◆ **Instructions for the task**: Please repeat the records exactly from their first line, finishing at the line containing "An industrial process" and including it.

◆ **Study material**:
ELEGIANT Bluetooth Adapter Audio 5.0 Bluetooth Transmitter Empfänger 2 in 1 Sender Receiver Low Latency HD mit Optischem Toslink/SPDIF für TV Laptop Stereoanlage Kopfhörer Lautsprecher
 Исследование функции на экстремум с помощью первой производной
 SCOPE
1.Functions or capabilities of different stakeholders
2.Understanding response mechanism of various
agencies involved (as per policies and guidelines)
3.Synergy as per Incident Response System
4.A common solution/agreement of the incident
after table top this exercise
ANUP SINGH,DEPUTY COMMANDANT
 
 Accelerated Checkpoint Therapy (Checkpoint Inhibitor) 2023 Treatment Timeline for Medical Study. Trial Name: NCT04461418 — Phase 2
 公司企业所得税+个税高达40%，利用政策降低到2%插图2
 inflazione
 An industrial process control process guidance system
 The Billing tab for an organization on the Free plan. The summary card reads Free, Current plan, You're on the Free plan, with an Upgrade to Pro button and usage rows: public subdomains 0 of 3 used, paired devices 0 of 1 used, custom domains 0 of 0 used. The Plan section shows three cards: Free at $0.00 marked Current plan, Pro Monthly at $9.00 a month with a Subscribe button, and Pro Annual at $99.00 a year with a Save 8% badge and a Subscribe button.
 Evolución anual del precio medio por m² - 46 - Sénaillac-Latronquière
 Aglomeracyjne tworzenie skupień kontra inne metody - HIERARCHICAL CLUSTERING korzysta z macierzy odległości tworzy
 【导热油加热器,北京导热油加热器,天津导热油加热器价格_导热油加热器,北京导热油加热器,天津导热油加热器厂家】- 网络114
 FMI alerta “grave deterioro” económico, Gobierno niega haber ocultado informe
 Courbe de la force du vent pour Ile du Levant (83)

◆ **Output of the task**:
ELEGIANT Bluetooth Adapter Audio 5.0 Bluetooth Transmitter Empfänger 2 in 1 Sender Receiver Low Latency HD mit Optischem Toslink/SPDIF für TV Laptop Stereoanlage Kopfhörer Lautsprecher
 Исследование функции на экстремум с помощью первой производной
 SCOPE
1.Functions or capabilities of different stakeholders
2.Understanding response mechanism of various
agencies involved (as per policies and guidelines)
3.Synergy as per Incident Response System
4.A common solution/agreement of the incident
after table top this exercise
ANUP SINGH,DEPUTY COMMANDANT
 
 Accelerated Checkpoint Therapy (Checkpoint Inhibitor) 2023 Treatment Timeline for Medical Study. Trial Name: NCT04461418 — Phase 2
 公司企业所得税+个税高达40%，利用政策降低到2%插图2
 inflazione
 An industrial process control process guidance system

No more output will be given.